This birthday would be a sellout, but the long-term impact and the significance doesn’t quite hold up against...
1. Harry’s 11th Birthday
Book featured in: Harry Potter and the Sorcerer’s Stone
Presents received: Hedwig from Hagrid; a smashed birthday cake Hagrid; and a letter to Hogwarts!!!!!
Harry’s 11th birthday started off rough. In the midst of Vernon’s wizard paranoia, Harry is stuck in a cold hut on a tiny island all alone and left to draw his own sad birthday cake in the dust layered on the floor. That objectively sucks. Hagrid manages to turn things around pretty quickly, starting with a slightly smashed birthday cake that eventually led to Dudley growing a pig tail.

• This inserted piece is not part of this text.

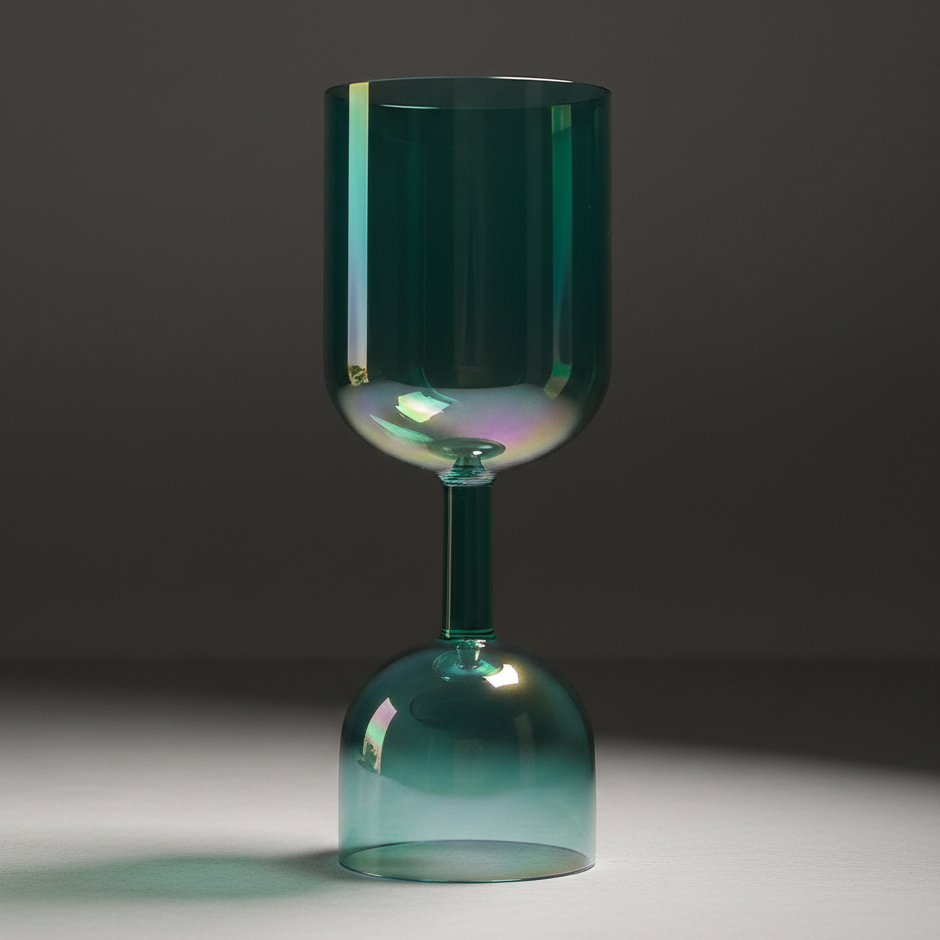 Alchemy Challices - Double sided (Green / Yellow tones) - 4-6inch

Harry’s 11th birthday was also the most pivotal for a few reasons. It was the day he was finally exposed to the reality of the wizarding world. Hagrid gifting Harry his Hogwarts acceptance letter is a major narrative turning point that finally kicks off the series as a whole. And jeez, give the kid some hope. His life is pretty bleak.
However, the best gift Harry received on his 11th birthday was, without a doubt, Hedwig. Harry’s loyal companion stuck with him through the balance of six books until she was killed en route to The Burrow in Deathly Hallows. Hagrid gave Harry two things on his 11th birthday: a community and his first friend.